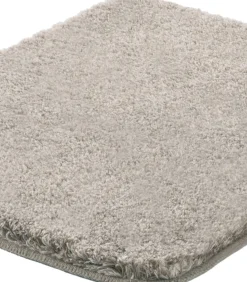 Montana Antislip Badmat Beige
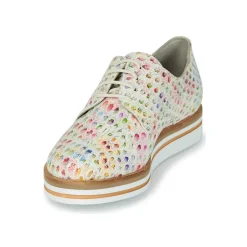 Dorking - ROMY< Derbies & Richelieu
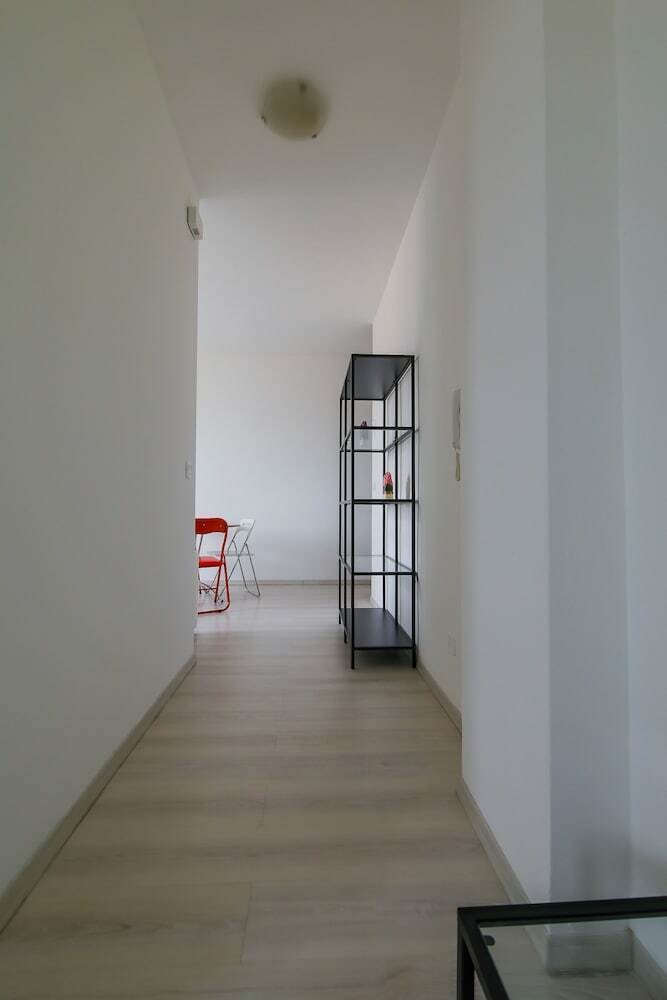 Apartamento Forni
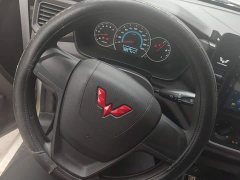 Wuling Hongguang V 2022 1.5L Dynamic Comfort Electric Power Steering - ფოტო 15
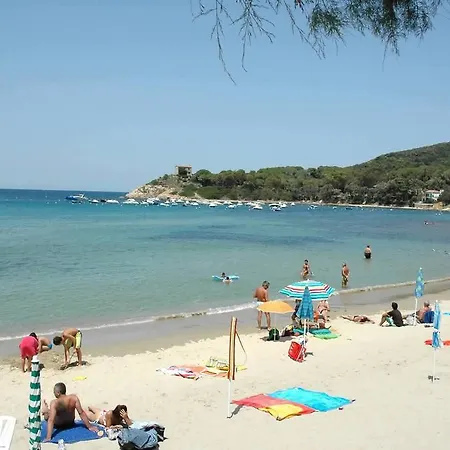 Appartement Il Roseto *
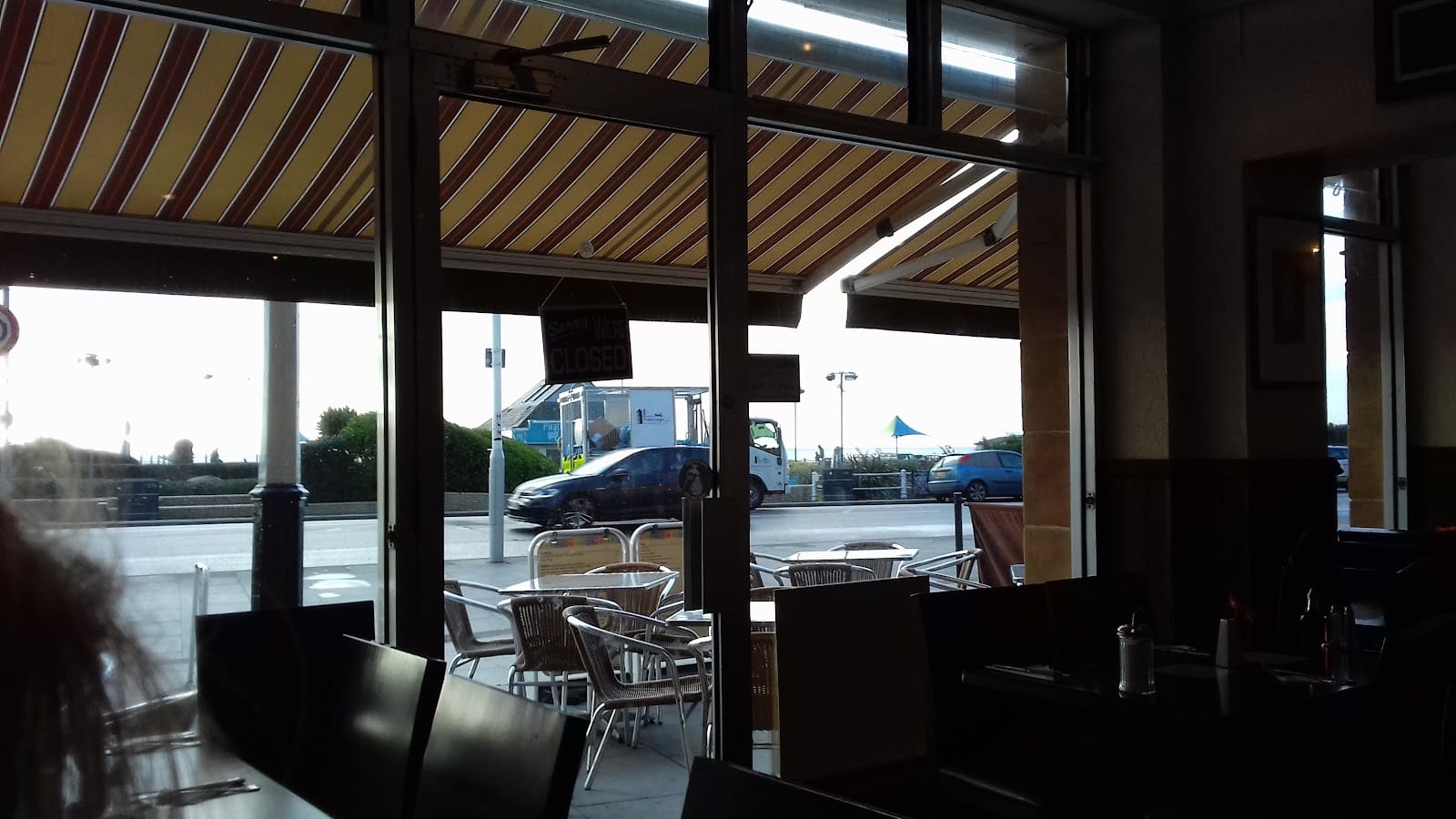 Rainbow Restaurant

+-------+

### ACTIVITY
Please retype the whole listing above exactly, without any of its images.

### TASK ANSWER
 Montana Antislip Badmat Beige
 Dorking - ROMY< Derbies & Richelieu
 Apartamento Forni
 Wuling Hongguang V 2022 1.5L Dynamic Comfort Electric Power Steering - ფოტო 15
 Appartement Il Roseto *
 Rainbow Restaurant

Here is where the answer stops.